* Exercise *
Look for the line with "Anlageobjekt in Doerfelstraße" in the entries below, then extract that line and all lines after it exactly, with pictures left out.

* Dataset records *
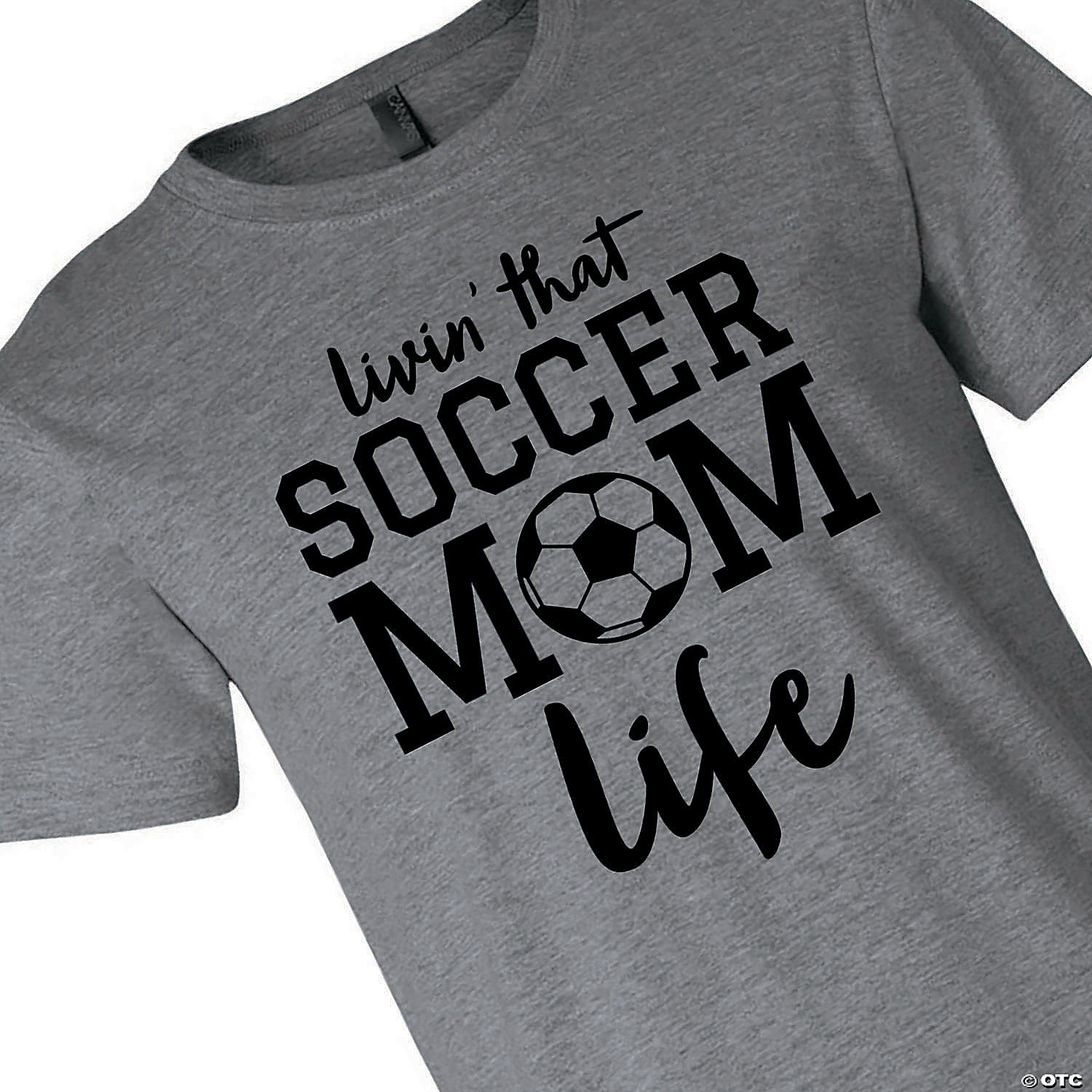 Soccer t-shirt 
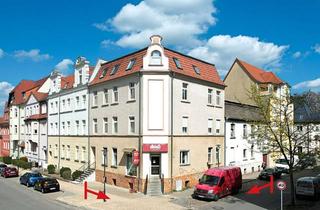 Anlageobjekt in Doerfelstraße 11, 16928 Pritzwalk, Wohn-/Geschäftshaus inmitten der Altstadt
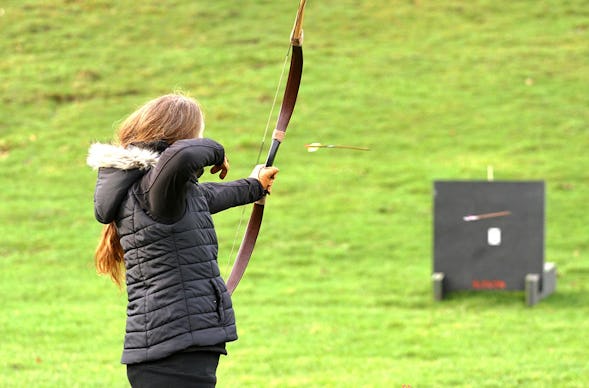 Bogenschießen Hamm
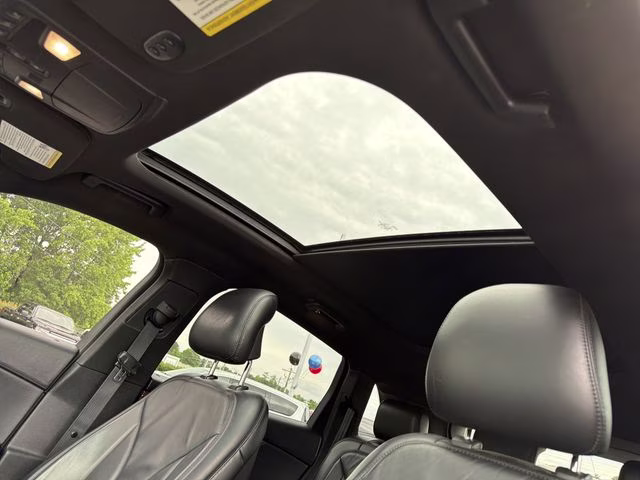 2018 Magnetic Gray Metallic Lincoln MKX Select FWD SUV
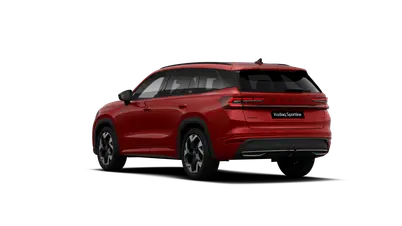 Kodiaq Sportline
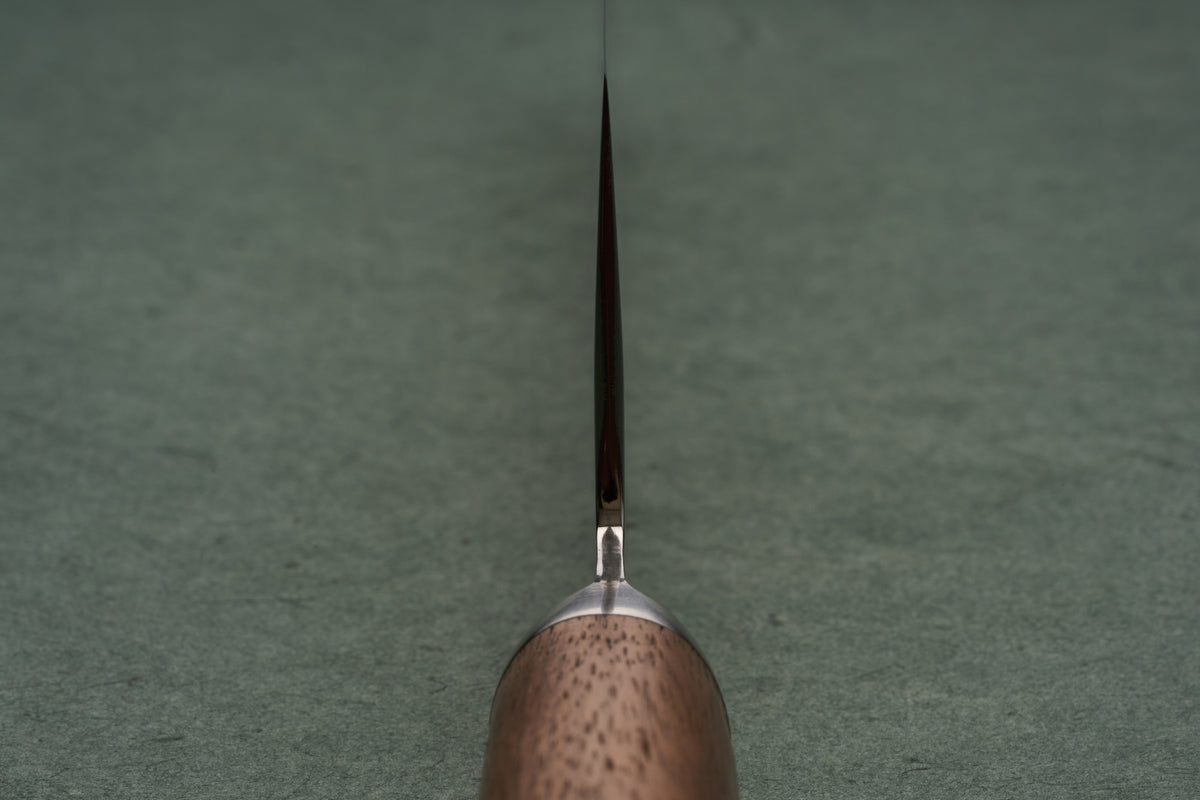 Couteau Nakiri Hazaki Pro Series 165 mm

* Solution for this task *
 Anlageobjekt in Doerfelstraße 11, 16928 Pritzwalk, Wohn-/Geschäftshaus inmitten der Altstadt
 Bogenschießen Hamm
 2018 Magnetic Gray Metallic Lincoln MKX Select FWD SUV
 Kodiaq Sportline
 Couteau Nakiri Hazaki Pro Series 165 mm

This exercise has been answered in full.